Are Rolling Blackouts Coming to Ohio and Indiana?
Over the past few months, cooperative leaders engaged our elected leaders at the Statehouse level and in Washington D.C. to discuss our concerns over power reliability and the impact it will have on our communities. In May, the North American Electric Reliability Corporation (NERC) released its summer reliability assessment and forecasts that two-thirds of the U.S. will be at risk of power outages this summer (though estimates say Ohio, Indiana, and the Midwest overall are low-risk).
You rely on the power we provide, 24/7, 365 days a year—our lives, and livelihoods, depend on it. For the first time since neighbors came together to form Paulding Putnam Electric Cooperative in 1935, the reliability of power is at risk.
Buckeye Power, our generation and transmission provider, generates enough power for all 400,000 members of Ohio’s electric cooperatives, but we depend on the larger grid to balance supply and demand for electricity. Your cooperative works hard every day to ensure the local delivery system is reliable through planned maintenance programs and responsive service to local power outages.
It’s important you understand why power reliability is at risk.
- Demand for electricity is higher than ever, especially during extreme cold and hot weather, and with the growing electrification of our transportation network.
- The supply of reliable electricity is down due to the rapid retirement of coal and nuclear plants.
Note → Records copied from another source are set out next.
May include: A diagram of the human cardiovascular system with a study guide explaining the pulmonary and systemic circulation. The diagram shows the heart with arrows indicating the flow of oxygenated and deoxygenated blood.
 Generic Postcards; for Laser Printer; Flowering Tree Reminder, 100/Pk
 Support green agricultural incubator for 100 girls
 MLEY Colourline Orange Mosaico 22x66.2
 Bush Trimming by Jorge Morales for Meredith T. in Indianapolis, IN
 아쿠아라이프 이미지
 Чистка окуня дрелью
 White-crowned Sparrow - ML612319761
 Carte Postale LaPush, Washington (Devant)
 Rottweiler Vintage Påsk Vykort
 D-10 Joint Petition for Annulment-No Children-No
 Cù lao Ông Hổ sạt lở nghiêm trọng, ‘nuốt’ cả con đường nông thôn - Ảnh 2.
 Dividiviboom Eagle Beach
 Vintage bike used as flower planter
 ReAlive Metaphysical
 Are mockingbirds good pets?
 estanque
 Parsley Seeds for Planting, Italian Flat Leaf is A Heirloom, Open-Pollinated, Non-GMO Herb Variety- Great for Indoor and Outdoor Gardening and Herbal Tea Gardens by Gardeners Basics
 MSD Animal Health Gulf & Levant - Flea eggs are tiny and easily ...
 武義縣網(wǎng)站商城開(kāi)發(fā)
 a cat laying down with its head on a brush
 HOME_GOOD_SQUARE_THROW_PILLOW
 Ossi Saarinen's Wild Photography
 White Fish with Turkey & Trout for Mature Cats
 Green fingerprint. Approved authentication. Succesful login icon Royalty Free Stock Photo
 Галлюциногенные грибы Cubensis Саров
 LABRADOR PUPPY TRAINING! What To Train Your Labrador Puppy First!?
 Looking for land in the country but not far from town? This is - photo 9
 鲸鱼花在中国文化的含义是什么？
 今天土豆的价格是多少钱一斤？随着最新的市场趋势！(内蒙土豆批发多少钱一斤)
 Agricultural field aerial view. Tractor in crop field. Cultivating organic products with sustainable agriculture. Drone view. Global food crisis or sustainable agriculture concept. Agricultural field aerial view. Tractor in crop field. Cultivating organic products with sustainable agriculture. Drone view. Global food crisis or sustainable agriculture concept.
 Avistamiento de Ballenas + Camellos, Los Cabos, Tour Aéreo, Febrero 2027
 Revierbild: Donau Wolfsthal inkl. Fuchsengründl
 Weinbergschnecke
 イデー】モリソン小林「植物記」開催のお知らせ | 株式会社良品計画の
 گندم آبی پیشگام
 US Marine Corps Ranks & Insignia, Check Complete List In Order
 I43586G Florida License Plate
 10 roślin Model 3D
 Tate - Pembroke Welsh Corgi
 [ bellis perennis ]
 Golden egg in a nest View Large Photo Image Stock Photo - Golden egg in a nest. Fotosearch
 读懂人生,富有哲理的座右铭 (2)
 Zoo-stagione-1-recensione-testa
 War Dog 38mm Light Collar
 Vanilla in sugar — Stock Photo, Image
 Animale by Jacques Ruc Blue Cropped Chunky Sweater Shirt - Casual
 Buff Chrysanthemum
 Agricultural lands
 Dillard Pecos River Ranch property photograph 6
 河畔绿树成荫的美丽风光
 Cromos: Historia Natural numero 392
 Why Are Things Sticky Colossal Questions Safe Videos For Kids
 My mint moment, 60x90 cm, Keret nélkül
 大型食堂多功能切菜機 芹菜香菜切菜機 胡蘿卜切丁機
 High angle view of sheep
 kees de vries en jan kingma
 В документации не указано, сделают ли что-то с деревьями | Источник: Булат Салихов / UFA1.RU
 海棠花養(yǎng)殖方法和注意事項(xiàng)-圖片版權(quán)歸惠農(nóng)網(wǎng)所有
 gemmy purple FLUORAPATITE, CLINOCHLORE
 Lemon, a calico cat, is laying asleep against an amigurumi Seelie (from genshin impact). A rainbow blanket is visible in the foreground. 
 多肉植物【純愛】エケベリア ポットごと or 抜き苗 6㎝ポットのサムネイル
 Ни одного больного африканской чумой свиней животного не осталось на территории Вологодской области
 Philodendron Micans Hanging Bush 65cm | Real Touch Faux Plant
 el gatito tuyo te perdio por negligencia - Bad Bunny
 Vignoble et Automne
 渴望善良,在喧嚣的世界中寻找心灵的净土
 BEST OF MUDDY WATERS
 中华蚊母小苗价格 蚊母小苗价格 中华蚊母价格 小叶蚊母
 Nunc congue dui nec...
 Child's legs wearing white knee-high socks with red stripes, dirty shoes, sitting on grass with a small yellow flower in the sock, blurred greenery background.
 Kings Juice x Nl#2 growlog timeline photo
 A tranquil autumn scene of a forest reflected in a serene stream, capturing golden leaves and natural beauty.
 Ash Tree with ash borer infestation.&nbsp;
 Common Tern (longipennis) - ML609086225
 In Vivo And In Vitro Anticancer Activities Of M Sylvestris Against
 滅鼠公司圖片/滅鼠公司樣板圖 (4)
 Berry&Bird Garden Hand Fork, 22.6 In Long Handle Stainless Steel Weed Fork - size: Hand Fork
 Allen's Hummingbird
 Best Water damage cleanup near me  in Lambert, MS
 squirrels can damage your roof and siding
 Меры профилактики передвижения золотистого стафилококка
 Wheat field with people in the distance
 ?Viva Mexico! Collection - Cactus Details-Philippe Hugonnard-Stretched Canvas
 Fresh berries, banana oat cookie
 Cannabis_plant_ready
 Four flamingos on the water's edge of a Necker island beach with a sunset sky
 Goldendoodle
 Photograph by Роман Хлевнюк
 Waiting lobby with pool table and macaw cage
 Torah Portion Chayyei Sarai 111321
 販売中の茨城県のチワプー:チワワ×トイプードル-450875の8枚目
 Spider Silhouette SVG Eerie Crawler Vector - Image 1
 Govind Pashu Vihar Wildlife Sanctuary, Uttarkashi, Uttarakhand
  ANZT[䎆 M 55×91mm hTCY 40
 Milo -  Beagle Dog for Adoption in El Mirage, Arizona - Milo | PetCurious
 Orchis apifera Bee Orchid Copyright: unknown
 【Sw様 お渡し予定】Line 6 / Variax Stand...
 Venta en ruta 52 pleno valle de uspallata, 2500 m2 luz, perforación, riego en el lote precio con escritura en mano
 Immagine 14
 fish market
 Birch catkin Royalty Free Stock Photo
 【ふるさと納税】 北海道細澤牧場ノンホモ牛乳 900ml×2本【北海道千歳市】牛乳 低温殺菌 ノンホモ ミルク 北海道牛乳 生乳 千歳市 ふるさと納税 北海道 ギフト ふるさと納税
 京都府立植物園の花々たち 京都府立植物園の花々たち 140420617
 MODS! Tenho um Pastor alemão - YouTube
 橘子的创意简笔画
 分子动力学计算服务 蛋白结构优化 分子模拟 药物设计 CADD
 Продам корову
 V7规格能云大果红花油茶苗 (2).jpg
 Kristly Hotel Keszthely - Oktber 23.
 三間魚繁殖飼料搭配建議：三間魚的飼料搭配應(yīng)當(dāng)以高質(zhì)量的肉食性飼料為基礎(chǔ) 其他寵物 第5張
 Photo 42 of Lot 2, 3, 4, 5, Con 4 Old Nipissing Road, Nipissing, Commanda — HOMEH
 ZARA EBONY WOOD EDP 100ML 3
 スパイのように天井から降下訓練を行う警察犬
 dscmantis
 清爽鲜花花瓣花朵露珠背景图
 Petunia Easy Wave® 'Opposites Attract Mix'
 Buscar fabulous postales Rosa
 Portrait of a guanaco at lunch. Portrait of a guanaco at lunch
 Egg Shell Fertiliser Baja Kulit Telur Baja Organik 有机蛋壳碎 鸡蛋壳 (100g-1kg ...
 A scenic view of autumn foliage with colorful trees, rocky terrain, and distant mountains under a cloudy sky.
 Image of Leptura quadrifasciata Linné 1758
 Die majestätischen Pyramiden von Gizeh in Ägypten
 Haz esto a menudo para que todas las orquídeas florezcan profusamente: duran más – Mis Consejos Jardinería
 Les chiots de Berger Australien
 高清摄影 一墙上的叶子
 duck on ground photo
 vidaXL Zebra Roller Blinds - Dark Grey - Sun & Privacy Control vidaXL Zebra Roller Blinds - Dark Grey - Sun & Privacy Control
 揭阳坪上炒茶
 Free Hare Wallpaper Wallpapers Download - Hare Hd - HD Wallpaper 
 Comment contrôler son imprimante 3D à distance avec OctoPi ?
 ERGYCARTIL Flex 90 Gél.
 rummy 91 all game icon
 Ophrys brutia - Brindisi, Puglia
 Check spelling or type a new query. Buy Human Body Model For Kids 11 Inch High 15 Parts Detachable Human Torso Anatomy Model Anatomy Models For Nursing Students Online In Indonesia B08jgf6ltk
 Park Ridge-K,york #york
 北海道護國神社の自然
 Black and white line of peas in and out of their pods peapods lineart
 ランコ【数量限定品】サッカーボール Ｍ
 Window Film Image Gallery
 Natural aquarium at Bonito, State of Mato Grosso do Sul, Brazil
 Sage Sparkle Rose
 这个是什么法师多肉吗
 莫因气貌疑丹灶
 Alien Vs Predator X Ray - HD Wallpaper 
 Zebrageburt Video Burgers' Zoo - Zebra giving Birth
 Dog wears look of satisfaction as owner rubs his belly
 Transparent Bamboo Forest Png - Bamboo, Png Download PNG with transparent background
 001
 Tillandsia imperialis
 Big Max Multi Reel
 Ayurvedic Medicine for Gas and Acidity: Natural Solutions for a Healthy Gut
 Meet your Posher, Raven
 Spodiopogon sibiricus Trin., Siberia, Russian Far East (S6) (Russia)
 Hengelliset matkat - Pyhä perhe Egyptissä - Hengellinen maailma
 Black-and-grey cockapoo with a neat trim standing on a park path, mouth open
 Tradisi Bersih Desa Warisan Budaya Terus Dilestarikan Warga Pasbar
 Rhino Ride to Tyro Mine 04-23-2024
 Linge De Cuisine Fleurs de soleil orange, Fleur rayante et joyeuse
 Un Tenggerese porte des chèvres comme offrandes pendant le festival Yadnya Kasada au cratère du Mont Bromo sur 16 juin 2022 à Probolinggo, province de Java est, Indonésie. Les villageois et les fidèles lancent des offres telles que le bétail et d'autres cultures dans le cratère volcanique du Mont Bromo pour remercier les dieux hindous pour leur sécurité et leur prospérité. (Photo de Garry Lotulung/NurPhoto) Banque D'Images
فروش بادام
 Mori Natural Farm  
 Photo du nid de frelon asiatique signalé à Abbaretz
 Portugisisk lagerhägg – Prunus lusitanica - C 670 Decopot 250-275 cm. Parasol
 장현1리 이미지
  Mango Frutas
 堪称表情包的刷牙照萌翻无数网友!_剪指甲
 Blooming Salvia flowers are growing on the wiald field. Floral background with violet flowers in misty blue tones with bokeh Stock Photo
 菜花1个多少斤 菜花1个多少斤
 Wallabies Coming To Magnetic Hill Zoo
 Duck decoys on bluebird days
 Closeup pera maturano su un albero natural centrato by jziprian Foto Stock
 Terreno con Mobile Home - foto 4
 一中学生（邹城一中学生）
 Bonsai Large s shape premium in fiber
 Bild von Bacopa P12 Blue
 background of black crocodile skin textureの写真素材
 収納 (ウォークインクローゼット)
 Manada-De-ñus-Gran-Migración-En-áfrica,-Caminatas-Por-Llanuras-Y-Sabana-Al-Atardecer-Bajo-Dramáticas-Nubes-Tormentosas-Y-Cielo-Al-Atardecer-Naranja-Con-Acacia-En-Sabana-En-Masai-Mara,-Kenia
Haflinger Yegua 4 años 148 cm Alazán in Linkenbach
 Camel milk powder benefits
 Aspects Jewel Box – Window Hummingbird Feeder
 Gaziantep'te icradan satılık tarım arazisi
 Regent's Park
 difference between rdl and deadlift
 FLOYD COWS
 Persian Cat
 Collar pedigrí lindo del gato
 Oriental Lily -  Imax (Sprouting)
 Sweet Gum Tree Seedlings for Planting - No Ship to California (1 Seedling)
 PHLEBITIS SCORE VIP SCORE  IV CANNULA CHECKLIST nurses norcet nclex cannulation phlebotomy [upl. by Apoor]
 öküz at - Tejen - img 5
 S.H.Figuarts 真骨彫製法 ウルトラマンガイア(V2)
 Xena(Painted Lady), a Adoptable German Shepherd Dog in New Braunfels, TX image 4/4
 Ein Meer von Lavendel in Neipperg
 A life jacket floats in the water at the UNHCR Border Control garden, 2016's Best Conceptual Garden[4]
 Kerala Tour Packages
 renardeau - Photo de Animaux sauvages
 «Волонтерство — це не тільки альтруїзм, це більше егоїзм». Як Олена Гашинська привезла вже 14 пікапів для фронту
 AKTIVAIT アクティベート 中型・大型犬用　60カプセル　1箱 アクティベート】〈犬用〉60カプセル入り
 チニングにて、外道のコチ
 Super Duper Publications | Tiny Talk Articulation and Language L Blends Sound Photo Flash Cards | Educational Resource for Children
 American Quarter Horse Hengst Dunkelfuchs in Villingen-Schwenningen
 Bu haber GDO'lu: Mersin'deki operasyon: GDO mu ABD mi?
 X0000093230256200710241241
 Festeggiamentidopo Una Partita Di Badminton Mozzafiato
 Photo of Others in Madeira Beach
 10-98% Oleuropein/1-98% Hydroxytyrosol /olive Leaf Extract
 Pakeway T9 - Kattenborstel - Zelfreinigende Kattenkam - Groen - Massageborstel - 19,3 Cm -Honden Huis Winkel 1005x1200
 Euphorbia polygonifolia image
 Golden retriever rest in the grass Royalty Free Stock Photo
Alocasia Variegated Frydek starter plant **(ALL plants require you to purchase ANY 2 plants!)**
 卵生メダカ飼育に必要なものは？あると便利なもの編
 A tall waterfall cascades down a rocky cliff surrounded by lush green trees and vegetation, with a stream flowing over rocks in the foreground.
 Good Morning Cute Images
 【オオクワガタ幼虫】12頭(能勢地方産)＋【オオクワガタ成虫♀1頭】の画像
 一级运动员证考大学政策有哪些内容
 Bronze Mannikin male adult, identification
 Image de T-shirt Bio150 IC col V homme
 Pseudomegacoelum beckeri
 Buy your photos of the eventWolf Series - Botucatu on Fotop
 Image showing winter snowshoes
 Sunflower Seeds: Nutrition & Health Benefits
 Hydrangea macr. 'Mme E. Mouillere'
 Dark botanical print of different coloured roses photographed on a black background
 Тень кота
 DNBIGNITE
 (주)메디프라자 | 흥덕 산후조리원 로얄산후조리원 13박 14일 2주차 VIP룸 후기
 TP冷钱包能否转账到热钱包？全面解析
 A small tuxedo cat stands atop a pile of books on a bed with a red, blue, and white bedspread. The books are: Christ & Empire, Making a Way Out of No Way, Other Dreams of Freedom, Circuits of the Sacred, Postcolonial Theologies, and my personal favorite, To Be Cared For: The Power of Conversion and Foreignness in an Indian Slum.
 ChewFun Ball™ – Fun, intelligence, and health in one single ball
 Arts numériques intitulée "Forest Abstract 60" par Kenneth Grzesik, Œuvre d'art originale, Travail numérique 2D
A Wall Street Journal column in May called the latest Environmental Protection Agency (EPA) ruling “a death sentence for fossil-fuel power plants.” In 2009, Ohio had 21 coal plants, and by the end of 2023, just 4 will remain in operation. Intermittent sources such as wind and solar power have come online but haven’t filled the gap, and aren’t reliable 24/7, 365.
- Overreaching and unreasonable environmental regulations that result in unnecessarily high costs and provide only minimal environmental benefits. This is clear from the EPA’s ruling in May, which requires technologies that aren’t yet cost-effective or feasible (and may never be).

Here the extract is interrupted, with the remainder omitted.